The participants were provided with a pc laptop and noise cancelling headphones for the experiments. For the experiment, we asked them to point at the images they heard in the audio sample and we or our assistant would click the picture for them.
Our results section is broken down into two subgroups. The first (Section 3.1) details the standard experiment, while the second (Section 3.2) looks at the simplified version. Each section provides the results with line plots detailing the mean averages of the responses, followed by a statistical analysis of the results.

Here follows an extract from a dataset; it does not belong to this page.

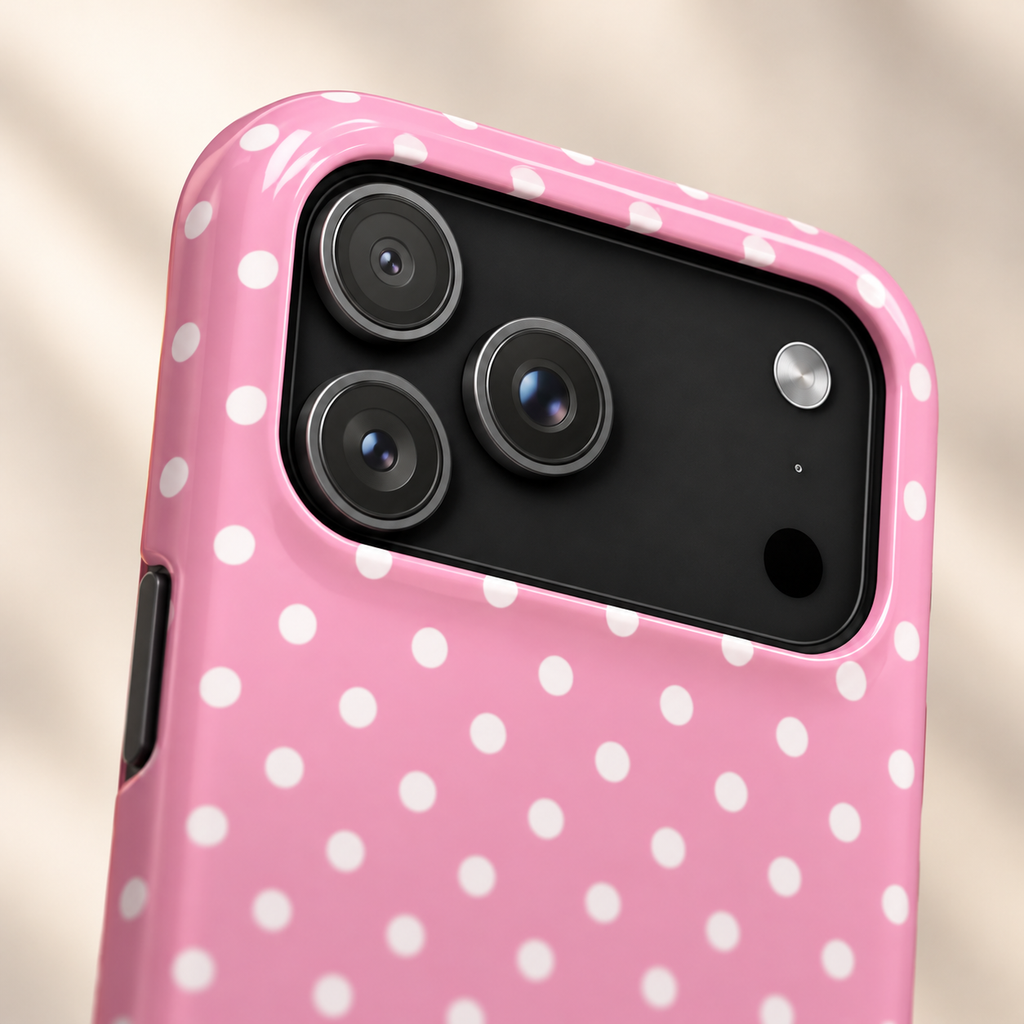 Polka Party MagSafe case, bold white polka dots on pink, lifestyle close-up of the camera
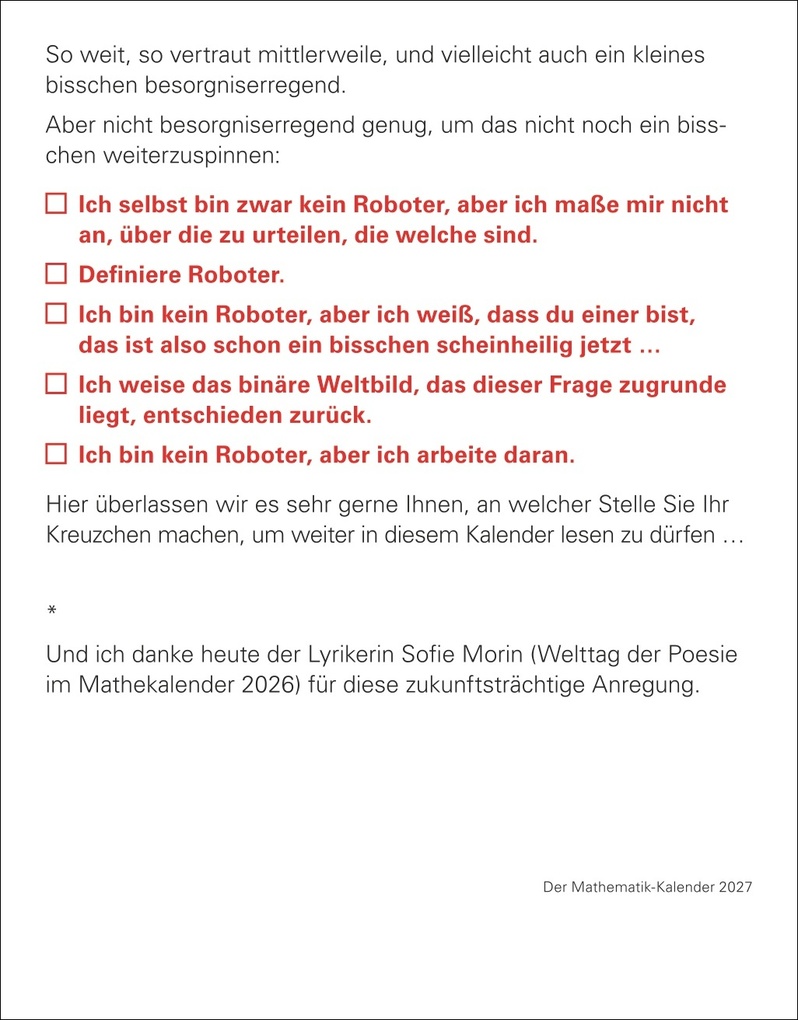 Weitere Ansicht: Der Mathematik-Kalender Tagesabreißkalender 2027 - Nachts teile ich heimlich durch Null | Matthias Delbrück, Carsten Heinisch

Based on production studies of stop voicing in both Gurindji Kriol (Jones and Meakins, 2013) and Kriol (Baker et al., 2014), we would expect the Gurindji Kriol participants will not have a strong perceptual contrast between voiced and voiceless stops, while the Kriol participants should, in turn, maintain two separate categories. In addition, if results from the standard experiment differ substantially from the simplified version, it may be possible that exposure to Standard Australian English through formal Western education is influencing group ii’s perception. On the other hand, if English exposure is not a defining factor in stop voicing perception, we would expect similar results in the simplified experiment and standard experiment. Similarly, continuing exposure to a traditional Australian language may be predicted to influence results, i.e. older adults at Ngukurr, and older adults and the preteens to middle-aged adults at Kalkaringi have higher levels of exposure to traditional languages that may be expected to affect their ability to make a strong perceptual contrast between voiced and voiceless stops.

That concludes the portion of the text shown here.